We actually just remove, or like we used to have this feature called communities, where you could create a community centered around a collection of different markets and we would show the leaderboard just for those markets.

And that's a way of judging

assessing the

ability and skill of predictors within some particular domain that you care about rather than globally.

We'll probably bring that back in some capacity in the future.

Can you give an example of that?

I guess something like fantasy.

Yeah, so one thing you might care about is like, who is the best, like Russia, Ukraine, who is like the best like, you know, like geopolitical and war predictor?

You know, and what the one way to assess that would just be to handpick a few markets about

the invasion and the subsequent course of events during the war, and then just see how much profit people have made within those markets.

And I think that that'll actually give you a reasonable estimate of

who the top predictors are there versus just like a global thing.

For a while, one of our top markets on our site was about whether this guy would allow,

whether this stray cat would allow its, like, this random human to pet it.

You know, totally, totally random stuff like that.

You know, if you're, if you're trying to assess who the best like geopolitical thinkers are, who the best economic thinkers are, you may not care about the stray cat.

But a lot of people really do care about the stray cat

in other contexts.

So

it's a fine balance to strike.

Another interesting part of your platform is, so people can buy and more play money.

And I guess the concern is even within these

even within these subdomains where people are being compared, that

the actual proficiency of a person could be distorted by the fact that somebody else could just buy more manifold dollars and

as a result, maybe able to have a higher profit.

I guess you can measure it maybe by

percentage gain on the total amount of money or something.

But yeah, I'm curious on your thoughts about this.

So, in general, I'm

pretty pro-efficient markets.

You know, if you think about what's happening when a whale comes in and buys up a huge amount of money and bets it on the wrong side, what they're essentially doing is just providing a huge subsidy and bonus to the people who are actually correct.

You know, markets are a mechanism which is like the most efficient way of solving the whale problem.

If you are too much money and you are not very smart and are very confident in your views of the world, like the markets have a very fast and easy solution for you to solve, to

obviate that problem where you will no longer have so much capital

to

throw about.

There's a direct analogy to this, actually, as I'm sure you're aware in, you know, like real markets, where like a pension fund or some other sort of big fund needs to like rebalance its books or something.

So it'll it'll need to just like dump a bunch of stock and you know liquidity providers can make money off the big trades that the

you know that these big funds need to make.
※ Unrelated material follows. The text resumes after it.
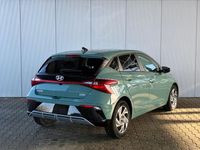 Gebraucht Hyundai i20 Comfort 101 PS (74 kW) 2025 Mangrove green Kleinwagen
So I guess then you wouldn't be you wouldn't be interested in schemes like I guess quadratic

like

some decaying

some some decaying value of the manifold dollars that you can buy in one account.

So like the neck the marginal

the marginal manifold dollar costs more than the one before it.

You think this would inhibit price discovery, right?

Yeah.

Although I have toyed with some other interesting monetary schemes in the past.

So one idea I had is introducing demurrage or like basically negative interest rates on cash balances.

So like you could imagine a world where like

where

your purchasing power kind of erodes over time.

You know, if you made a bunch of like really good predictions this year, you know, it's not necessarily the case that you should be like rewarded by, you know, having all of that cash forever.

You know, maybe some portion of that uninvested, those uninvested cash balances erodes by, you know, 20% a year or something like that.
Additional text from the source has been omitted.